Again, with a nod of gratitude to Father Mahoney for illuminating the theology within the Peanuts gang, I offer these thoughts. The Great Pumpkin is special: whether it be as ethereal as the Holy Spirit, as pragmatic as a symbol of hope, or as allegorical as treatment for advanced disease, that Pumpkin represents something worth waiting for. Linus, ever the representative of humanity seeking the Lord, remains steadfast in his belief of this wonderful thing that he has never seen. In this story, Linus is Faith 101.

Linus’s faith is unwavered by the mockery of his friends and especially his sister. Linus’s faith becomes a clear and shiny hope, an anticipation of a delivery of belief. Linus is every parent of a child with cancer. Linus is a stage IV patient returning to MD Anderson. It isn’t that Linus doesn’t hear the Peanuts gang mocking him, and it most certainly isn’t that Linus doesn’t want to trick or treat. To be sure, Linus takes all of that in but is instead drunk with hope that no one can dare call false because they don’t know any better.
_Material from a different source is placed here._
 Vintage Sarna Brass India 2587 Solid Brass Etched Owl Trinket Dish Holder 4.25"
The night in the Pumpkin patch is the perfect allegory for a season of disease treatment. Linus and Sally stay side by side, certain for the arrival of the “Great Pumpkin”. Friends come and mock their choice. They offer the option of leaving for something more fun. Linus at one point becomes so convinced he has in fact seen the Great Pumpkin (which is only Snoopy) he passes out. Eventually, weary from waiting, Sally, the primary caregiver of Linus, leaves in a heap of frustration. Linus seems sad, but remains steadfast in his belief.
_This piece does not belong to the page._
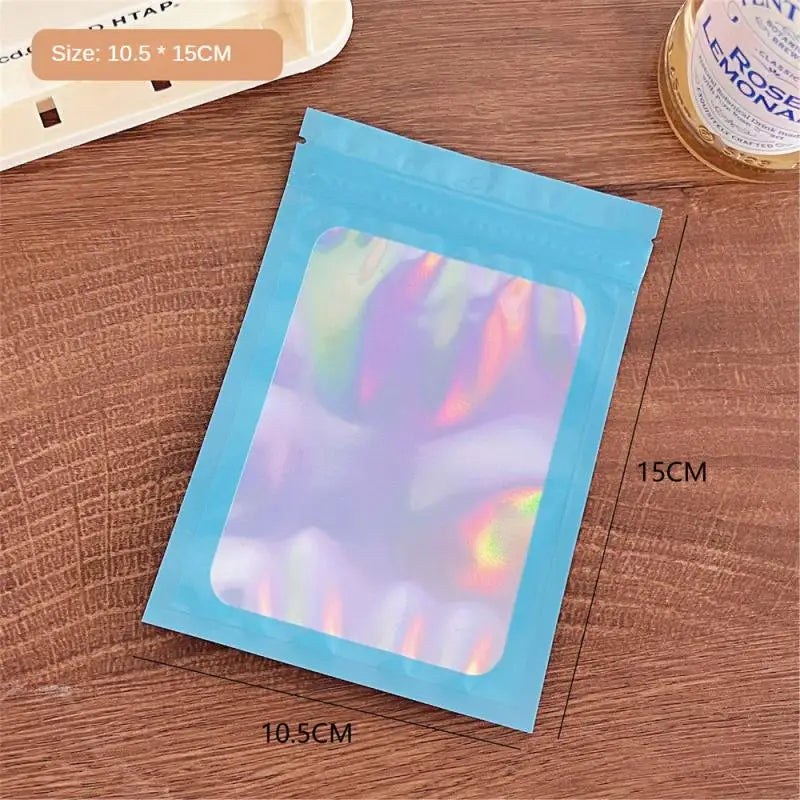 10pcs Holographic Smell-Proof Mylar Bags – Resealable Ziplock Pouches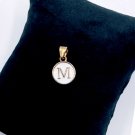 Vintage White Enamel Painted Monogram "M" Stamped Brass-Plated 1cm Round Charm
To me, the most touching and poignant moment of “It’s the Great Pumpkin, Charlie Brown” comes in a scene with no dialogue. Lucy, Linus’s sister, awakens at 4 am to realize Linus is still out in the pumpkin patch. Silently, she trudges out and assists the very cold and sleepy Linus to bed. She doesn’t gloat, she doesn’t ask for thanks.  This character who has represented opposition to belief in a thing unseen, succumbs to love for her brother and seemingly forgives him for his devotion to a hopeful notion.  Perhaps, she even loves him a little for it.

Many many days, I meet patients and families who remind me of Linus. Boldly optimistic and infatuated with hope. For the love of GOD, if I do anything right in my job, I never ever want to squash that hope or depress their inner Linus.  The challenge is how to break the news that the “Great Pumpkin” they thought was coming, isn’t, BUT there is still reason to stay in the patch with a heart filled with hope. The challenge is to remind Sally her time wasn’t wasted and to encourage Lucy to not wait until 4 am to show her kindness.

I love the Peanuts gang and I love working in Palliative care. And I encourage each of you reading, to spend a moment, in a pumpkin patch, spiritually beside Linus, with a heart full of hope.